[WHAT YOU SHOULD DO]: Write out the listing from the line with "嬰兒男孩簇麻拼色短袖波羅衫和短褲套裝 - 紅色 - 查看 5" to the line with "Earrings: Lucite Baby Dome and Teardrop", both lines included, exactly and nothing beyond. Leave pictures out.

[PROVIDED MATERIAL]:
────
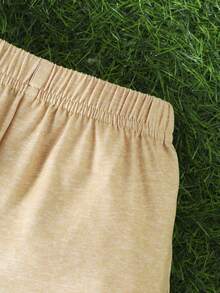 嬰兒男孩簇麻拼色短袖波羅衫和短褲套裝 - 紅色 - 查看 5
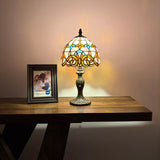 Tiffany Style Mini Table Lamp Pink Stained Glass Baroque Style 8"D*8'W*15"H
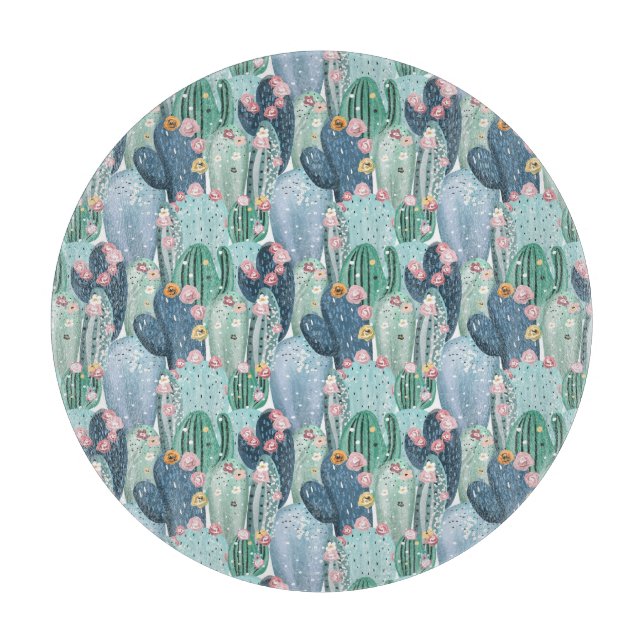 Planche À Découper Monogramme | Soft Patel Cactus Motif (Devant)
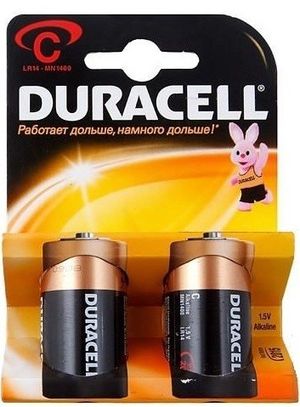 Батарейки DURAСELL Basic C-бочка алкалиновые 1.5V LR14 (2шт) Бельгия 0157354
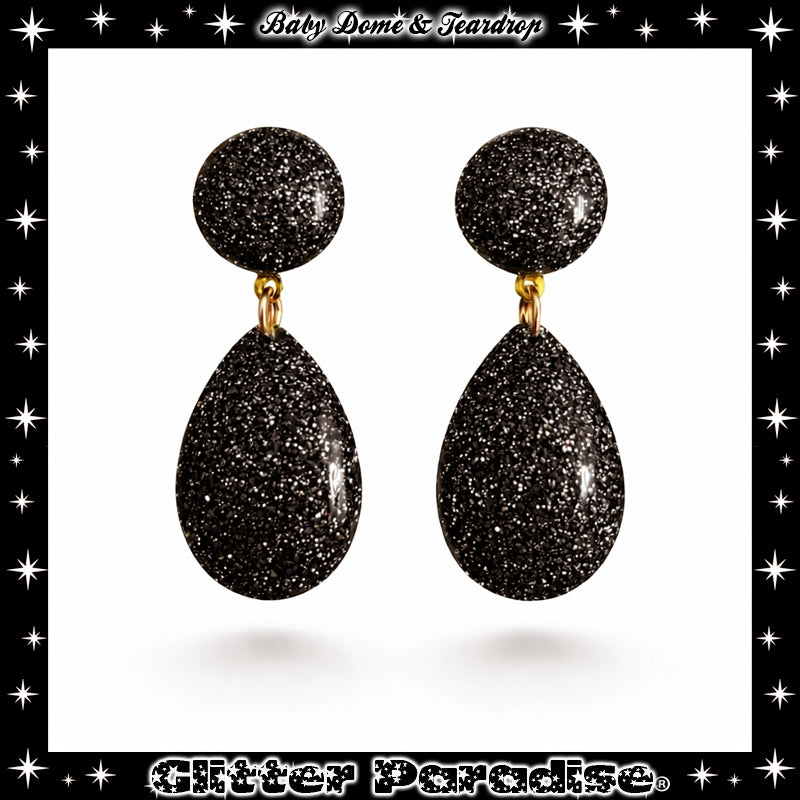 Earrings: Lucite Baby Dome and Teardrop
────
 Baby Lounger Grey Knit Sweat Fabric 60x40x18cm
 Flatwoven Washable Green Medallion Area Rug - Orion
────
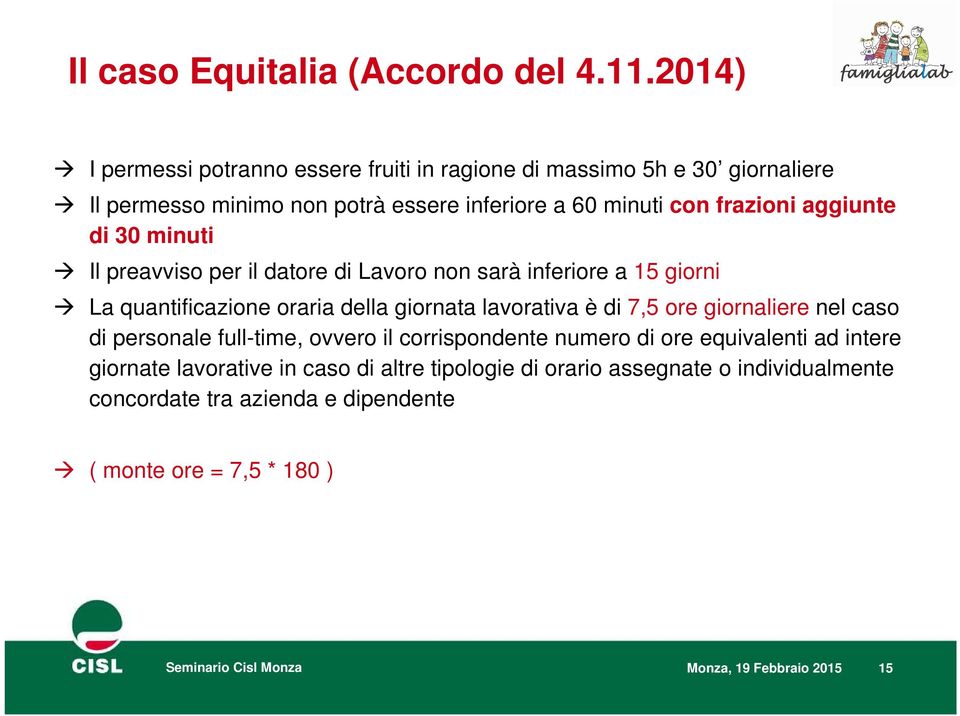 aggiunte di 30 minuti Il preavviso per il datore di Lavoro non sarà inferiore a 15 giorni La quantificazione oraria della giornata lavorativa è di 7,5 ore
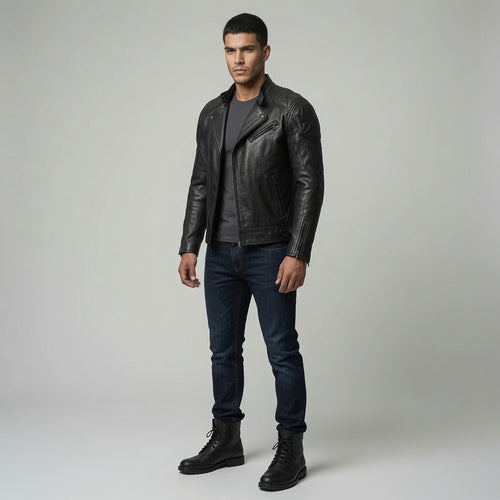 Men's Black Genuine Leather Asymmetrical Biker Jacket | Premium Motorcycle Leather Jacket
────
[RESPONSE TO THE TASK]:
 嬰兒男孩簇麻拼色短袖波羅衫和短褲套裝 - 紅色 - 查看 5
 Tiffany Style Mini Table Lamp Pink Stained Glass Baroque Style 8"D*8'W*15"H
 Planche À Découper Monogramme | Soft Patel Cactus Motif (Devant)
 Батарейки DURAСELL Basic C-бочка алкалиновые 1.5V LR14 (2шт) Бельгия 0157354
 Earrings: Lucite Baby Dome and Teardrop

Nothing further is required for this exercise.